Yesterday was Easter. I do my best to not post on the weekends, which sometimes means not having as much traffic. I especially do my best to not post on holidays. So, this post is coming out today 🙂
The issue of resurrection is an issue that we all need to wrestle with until it comes into the kishkas (note: kishkes are a stuffed sausage, but kishkas are the guts). We celebrate the resurrection of Christ, but why? I’m what you would call a “slow learner”, especially in these subjects… I’ve noticed that there is much emphasis upon Jesus’ cross, Jesus’ resurrection, and Jesus’ ascension, but I could not for the life of me figure out why there is such an emphasis on it. I mean, I get the death, taking our sin and the curse to the cross, and I get the resurrection, that Jesus was vindicated by the Father, but why the ascension?

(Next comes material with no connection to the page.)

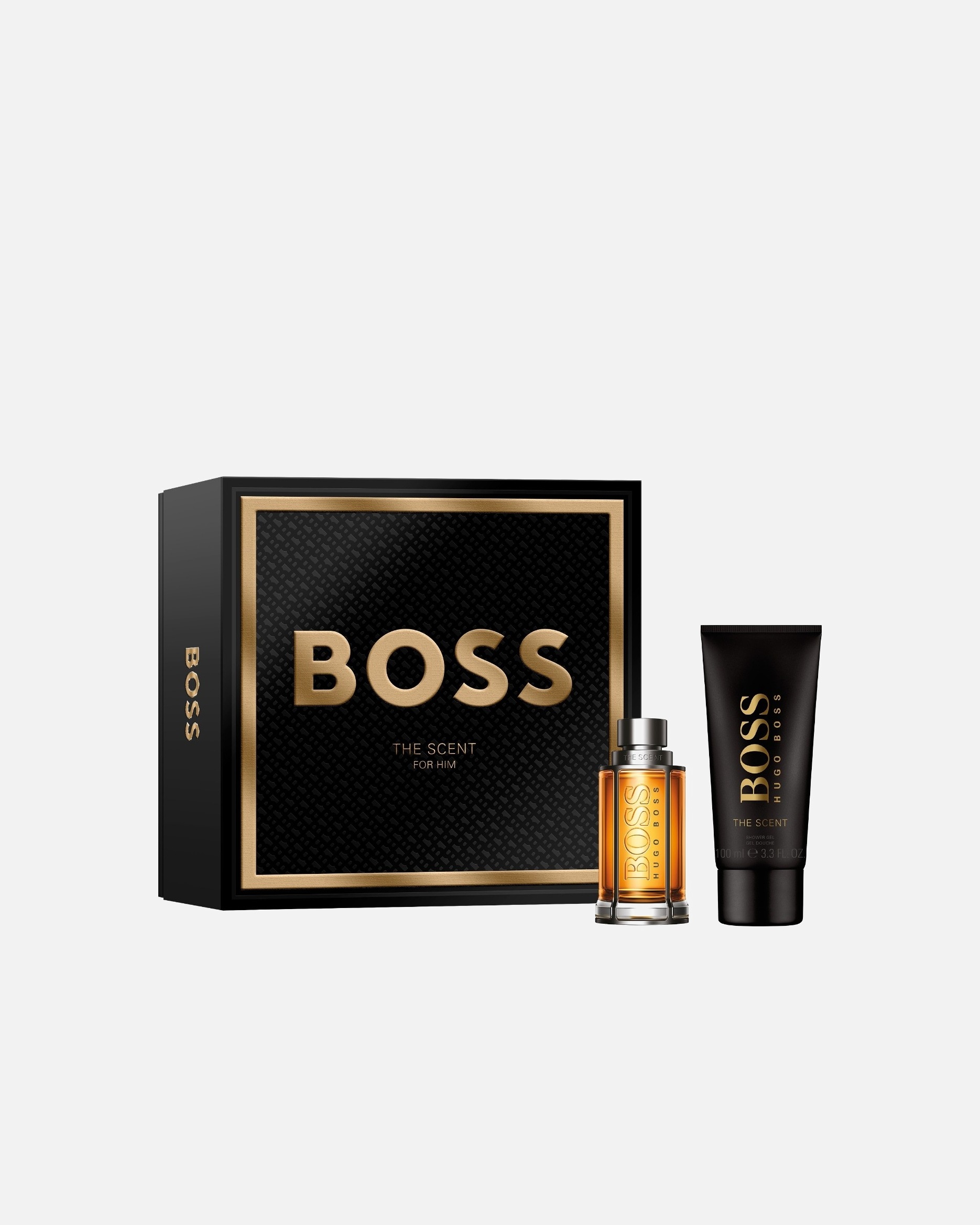Hugo Boss kvepalų rinkinys Boss The Scent tualetinis vanduo 50 ml rinkinys - 1 vnt.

Come to find out, when you realize the importance of the ascension, you understand the importance of the other two…
When Jesus raised to the right hand of the Father, where He is currently sitting, it opened wide the veil for us as well to enter into that Holiest Place, to sit down, resting from our own work, and to remain seated with Christ in heavenly places.
Did you catch that?
The emphasis is upon Christ, and I recognize the importance of Psalm 110:1 (if you don’t, don’t worry about it right now). Yet, what makes this statement so significant isn’t that Jesus ascended, but that it grants access for us to join Him. For those of you who don’t know, I’m usually a stickler for not putting emphasis upon ourselves. Yet, in this case, reason with me…

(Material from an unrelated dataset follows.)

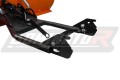 CF MOTO X8 800 TERRALANDER V-TWIN Pług śnieżny Dedykowany. Dedicated Snow plow Quitanieves Chasse-neige Spazzaneve Schneepflug 7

Jesus died upon the cross, and now we are to take up our crosses and follow Him.
Where He goes, we cannot follow, but don’t neglect the last part of the statement that we shall follow Him. (Please note that the place where Jesus was about to go was into death and resurrected out of the grave. You can’t do that on your own.)
We read in Romans 6 that just as Jesus went down into the grave, so too have we been baptized into His death, and just as the glory of God the Father raised Jesus up from the dead, so too has the same glory, the same power raised us up.

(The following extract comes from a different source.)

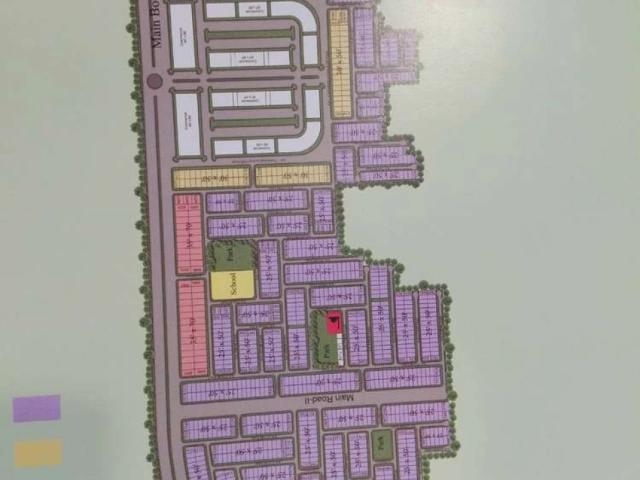 Land for sale in Islamabad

We are seated with Christ in heavenly places.
What are you saying, Tommy? Why you talkin’ so cray cray?
What I’m saying is that the significance of the crucifixion, resurrection, and ascension of Jesus is that we now also have the opportunity to die, be raised, and ascend up unto the right hand of God, and be seated with Christ in that place. This is where the doctrines become reality. You can hold to the “doctrine” of resurrection, that Jesus rose and that we’ll raise on the last day. But, what did Jesus say to Mary? ” I am the resurrection.” Notice Jesus didn’t say, “I have the power to resurrect the dead”, but that Jesus, Himself, IS the resurrection. What that even means I can only intuit. It isn’t simply through Jesus that we have resurrection, as if it happens on the last day, but that in Christ we ARE raised with Him by the glory and power of God the Father.
We, too, have opportunity to suffer through the eternal Spirit unto death, and in that true suffering and death, find that God Himself will also raise us up, truly while we still yet are in the flesh. They who believe in the doctrine of resurrection, truly believe, will live in the resurrection. It isn’t simply that Jesus rose, and that one day we’ll also rise, but that we, right now, by the very power of God, have access to be alive in Christ. No more “die to sin”, because you already are dead. No more, “put to death the sinful nature”, because anything that is still “sinful nature” isn’t YOU sinning, but YOUR FLESH (Romans 7:17) – that is, the sin that dwells in you.
This changes everything.
There is no condemnation in Christ, because if you are “in Christ”, then you aren’t “in sin”. If you are walking “in the Spirit”, then you can’t be walking “in the flesh”. It’s that simple. When we make it difficult, it is either because our lack of faith, or because we simply aren’t preaching the Gospel.